I have been using frozen vegie mixes for many years as a quick stir-fry to serve over rice. Add a bit of cubed tofu and you've got a fairly balanced meal. I was wondering, though, how much nutrient is lost by stir-frying and if the length of time the vegies cook means more loss? I don't use water and the little bit of olive oil used gets consumed along with the vegies.

Cheryl Lincoln

So glad to know that frozen is healthy too..I grow alot of my own during season and freeze for winter...Its great to know this will not hurt our nutritional values....

cat p.
  • cat p. says
  • Feb 17, 2009 11:20 AM

i use frozen berry mixtures in the winter...expensive but less so than the way out of season alternative....and good too........

Tati Lapshina

I'm not American but very intrested in the topic.

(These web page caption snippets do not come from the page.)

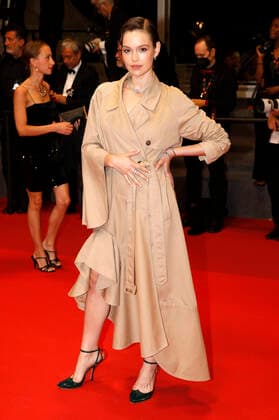 Emilia Schüle bei der Premiere des Kinofilms November Novembre auf dem Festival de Cannes 2022 75. Internationale Filmfestspiele von Cannes im Palais des Festivals. Cannes, 22.05.2022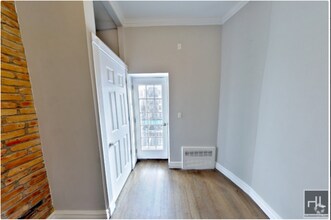 Building Photo - Renovated Upper East Side 3-Bedroom with N...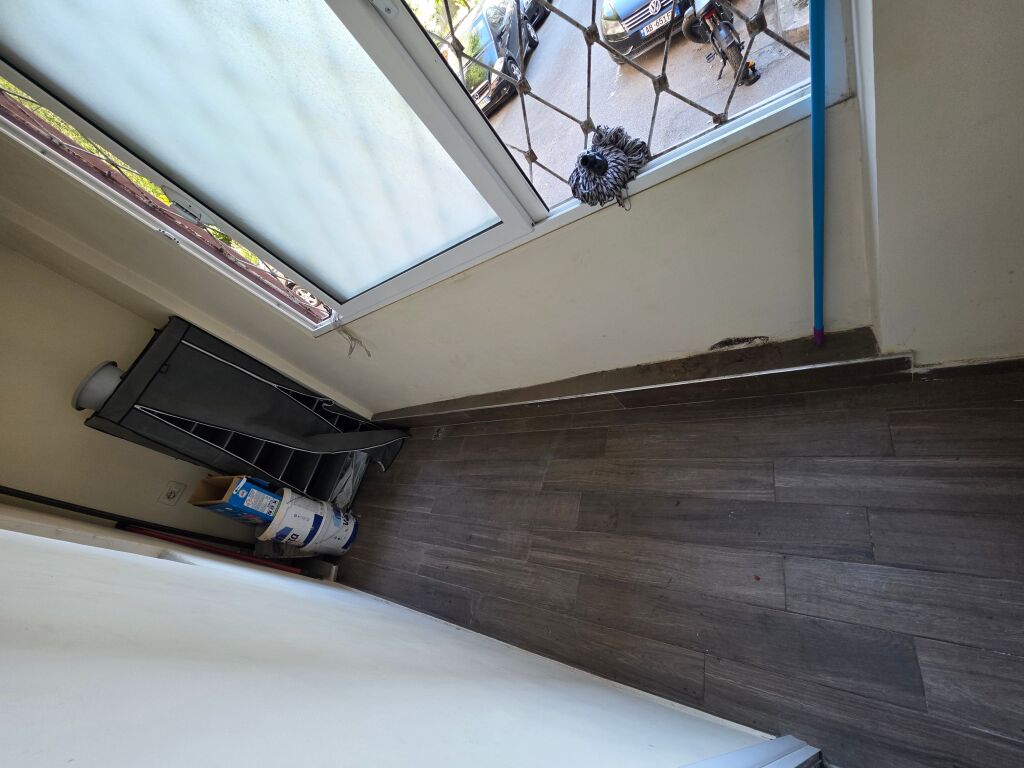 Rr.Kavajes ap me qera 250mij leke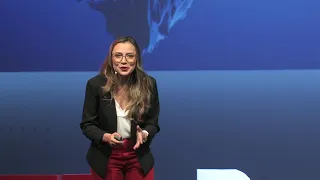 Bot: ¿qué carrera debo seguir? | Ivannia Arroyo | TEDxPuraVidaJoven
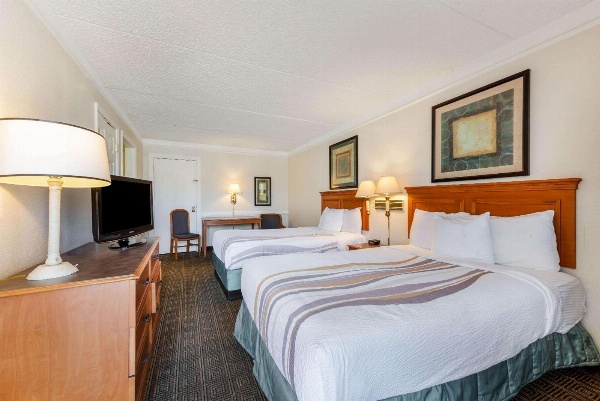 La Quinta Inn & Suites by Wyndham Bossier City image 6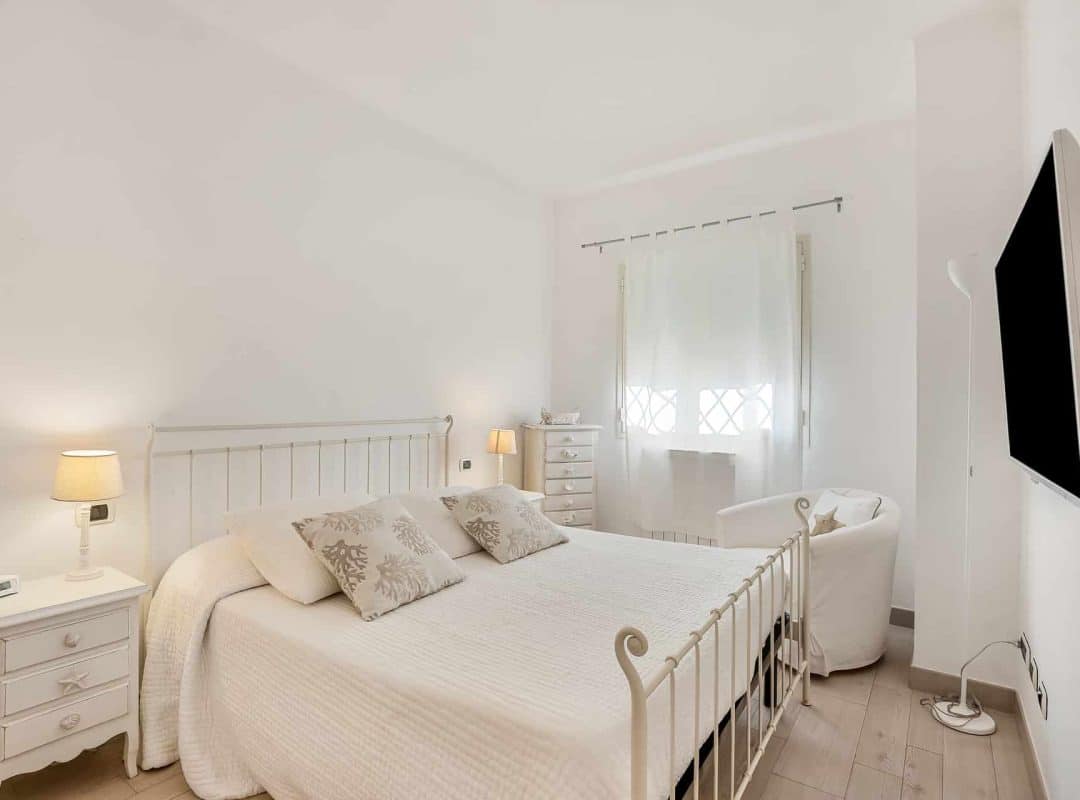 APPARTAMENTO- VENDITA- FORTE DEI MARMI-CAMERA (3)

What temperature condition is recommended for vegetable storing?

Virginia T.

was good know about the frozen vegetables, tranks you

Audrey Sheppard

Where do you get your organic food box delivered from, Rebecca? I've never heard of that, but I'm definitely interested.

~Audrey

Lara Austin

Thanks for the information. It's hard to buy fruits and veges in season of course they are going to be frozen at some stage

Rebecca Young

as a working mom of toddler twins, I definitely use frozen fruits and veggies, although I do buy local and in season whenever possible (and I get a biweekly organic food box delivered, which makes that even easier). I read a while ago that frozen veggies were a healthy convenience, and I am very happy about that!

Allison Jaynes

I think it's somewhat sad that fresh fruit and vegetables are not always good as fresh. But considering the cost, I am happy to know frozen works just as well. I had no idea I was supposed to be eating 9 servings! Great information.